Gold just blasted into uncharted territory. Spot prices jumped above $3,700 an ounce for the first time on Tuesday, as traders piled in ahead of the Fed’s two-day policy meeting and a wobbly dollar slid to a two-month low.
By late morning in New York, spot gold was up about 0.5% around $3,699 after tagging a record near $3,703. December futures added roughly the same, trading in the mid-$3,730s. The driver mix wasn’t subtle: a softer greenback (making bullion cheaper for non-US buyers), heavy safe-haven demand, and persistent central-bank buying—all turbocharged by expectations the Fed will cut rates on Wednesday.
Markets have a quarter-point cut basically locked in, with a small chance of 50 bps. Lower yields are catnip for non-interest-bearing assets like gold. The metal is now up about 40% this year, having blown through $3,600 on Sept. 8 before sprinting higher.
Worth noting: despite today’s moonshot, Commerzbank just lifted its year-ahead call to $3,600/oz by end-2025—a target that actually sits below current spot, implying some mean reversion if the rate-cut euphoria cools.

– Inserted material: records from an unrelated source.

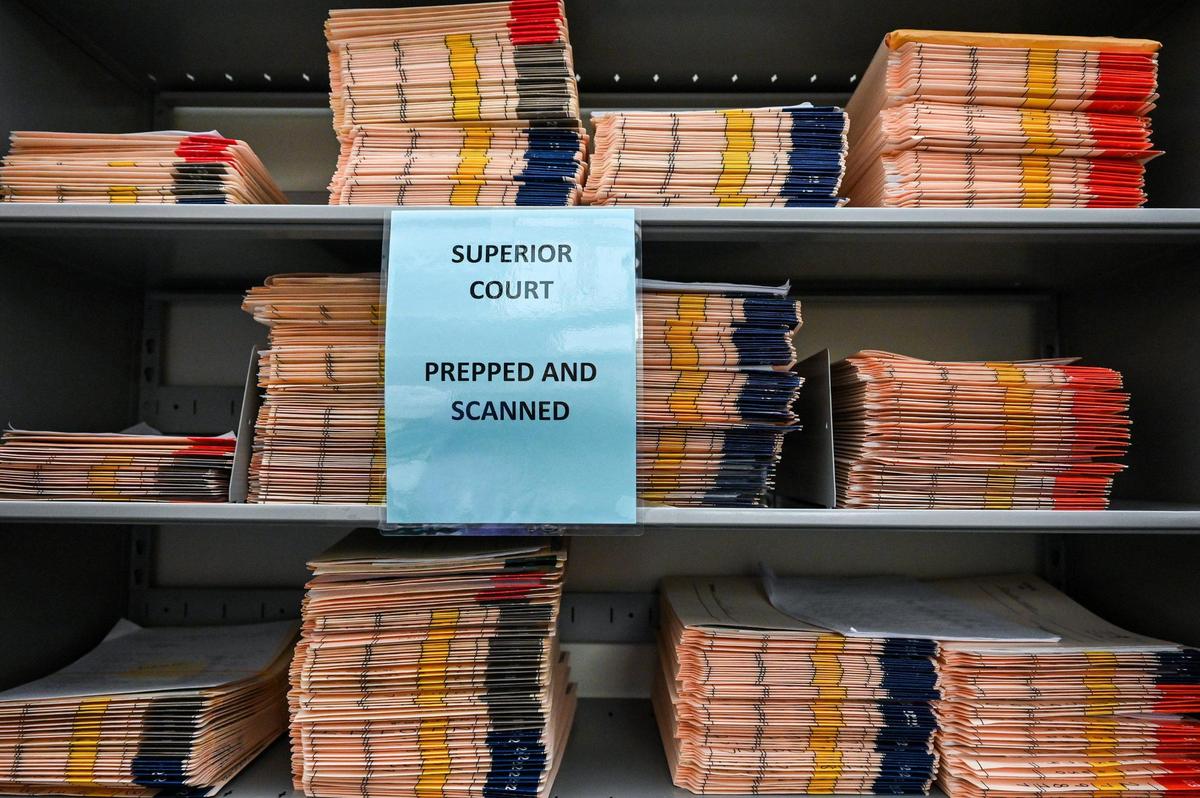 Scanned cases for Mecklenburg County Superior Court sit on a shelf in the Criminal Division of the clerk’s office.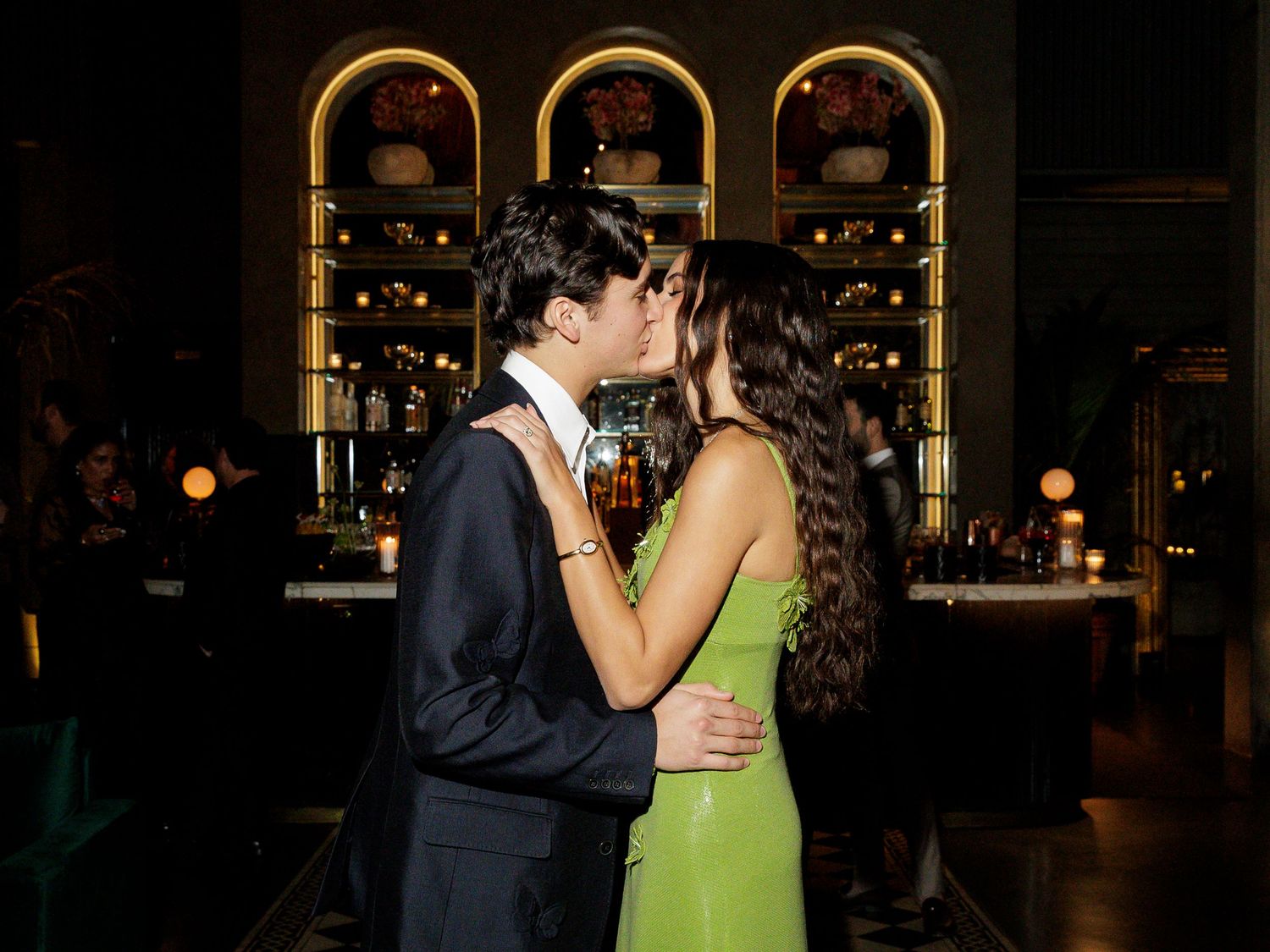 Couple shares a romantic kiss at an upscale bar, woman in elegant green gown.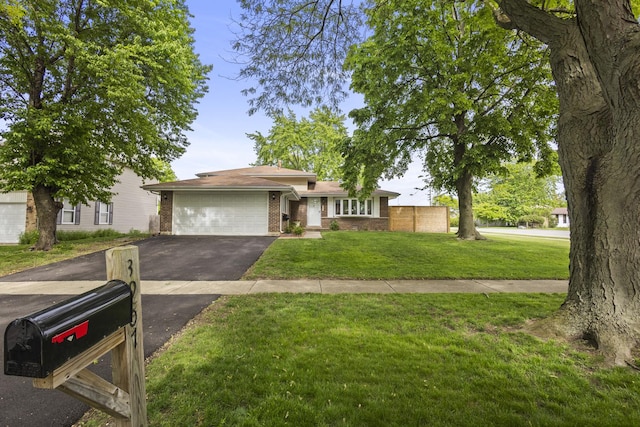 3907 New Haven Ave, Arlington Heights, IL 60004 - view of front of property featuring driveway, brick siding, and a garage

Elsewhere in the complex, silver climbed to about $42.8—its highest since 2011—while platinum and palladium eased.
Bottom line: with the dollar on the back foot and a rate cut looming, the path of least resistance for gold has been up. The next move hangs on the Fed’s tone—especially the dots. A dovish tilt could keep the rally humming; a tougher message could finally test those fresh highs.